# Best CPU-Mobo combo for ~20k (both Intel and AMD options)



## warfreak (Jul 3, 2012)

What would be the best combination of cpu and mother board for a budget of ~20k? 
I have no idea about performance of AMD processors but here is my choice for intel:

Processor: Intel Core i5 2500K 3.3GHz   12.95k
MotherBoard: ASRock Z77 Pro4 LGA 1155 9.7k (best board in <10k i've come across)

Total ~ 22.6k

The problem is it overshoots the budget by 2.6K. What would be the AMD variant to offer similar performance. Also if there is another option for intel which is cheaper, please suggest.


----------



## the_conqueror (Jul 3, 2012)

A few questions -
1. What is the purpose of your PC ?
2. Will you be overclocking ?


----------



## Chaitanya (Jul 3, 2012)

If you don't plan to overclock then look for this
Mobo : ASUS P8H77-MLE Motherboard @ 7.9k
Proccy : Core i5 3450  @ 12.6k
~20.5k


else you could go with 
Mobo : Intel DH67CL Motherboard @ 5.6k
Proccy : Core i5-2400  @ 11.8k
~17.6k


----------



## warfreak (Jul 3, 2012)

the_conqueror said:


> A few questions -
> 1. What is the purpose of your PC ?
> 2. Will you be overclocking ?



1. Mostly work on VMWare and run many cpu intensive applications at a time(Only for testing purposes though) most of my VMs are server 2008R2 planing to upgrade to 2012 when it arrives. I use highly threaded applications and also games like Skyrim, DOTA and UT3 for arnd 1-2 hours a day.
Features I need: VT-X(for running 64bit VMs) Atleast 4 cores. Motherboard with maximum amount of Memory(Planning to incrementaly upgrade RAM upto 32GB)
You can see I am asking for a lot but I am really tight on cash. what I  require is a really solid futureproof motherboard with support for IvyBridge so that in future I have the option to upgrade to a faster i7 ivy bridge based processor.

2. Yes


----------



## thetechfreak (Jul 3, 2012)

your own choice is ok-



> Processor: Intel Core i5 2500K 3.3GHz 12.95k
> MotherBoard: ASRock Z77 Pro4 LGA 1155 9.7k



See if you can fit in a CM Hyper 212 too


----------



## ico (Jul 3, 2012)

AMD FX-8120 + Gigabyte 990FX-UD5. 8 cores - although slower core to core compared with SNB/IVB, but still faster for your purpose.

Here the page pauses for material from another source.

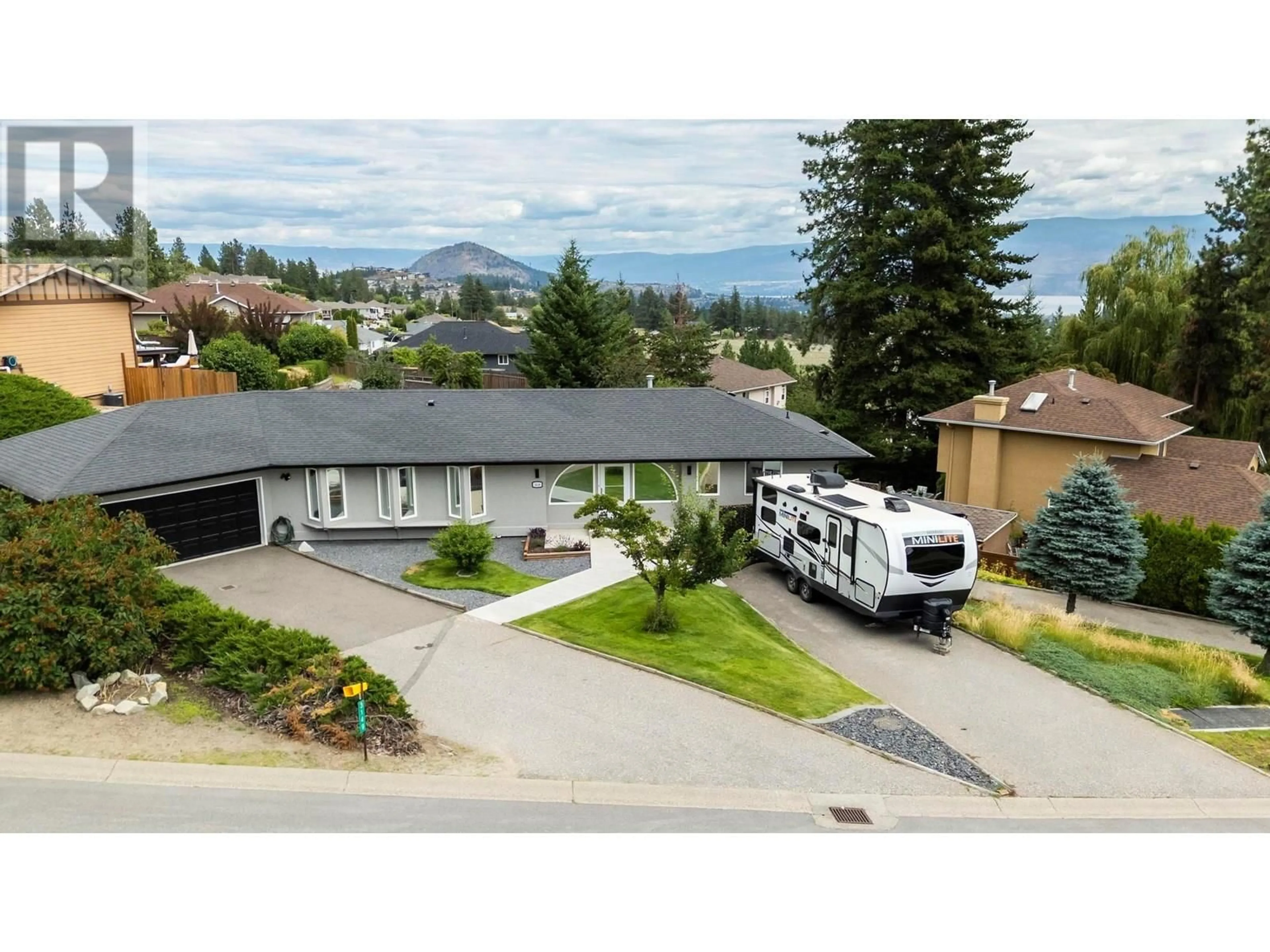 A pic from outside/outdoor area/front of a property/back of a property/a pic from drone, mountain view for 3149 SHETLER DRIVE, West Kelowna British Columbia V4T1M4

Do you need VT-d (PCI Passthrough) as well? Intel K series configs won't have it. They only have VT-x with K series. AMD has both VT-d and VT-x.


----------



## warfreak (Jul 4, 2012)

I went through performance of the FX series. Although there isn't much difference between Bulldozer and SNB/IVB, i think I will go with my first choice.

BTW regarding the motherboard, I am satisfied with my current gfx card(8800GTS) so not planning to upgrade gfx for atleast a few months. But i may get a midrange nvidia or ati card in future. 
So will my mobo be compatible with my current card as well as any future card I purchase?


----------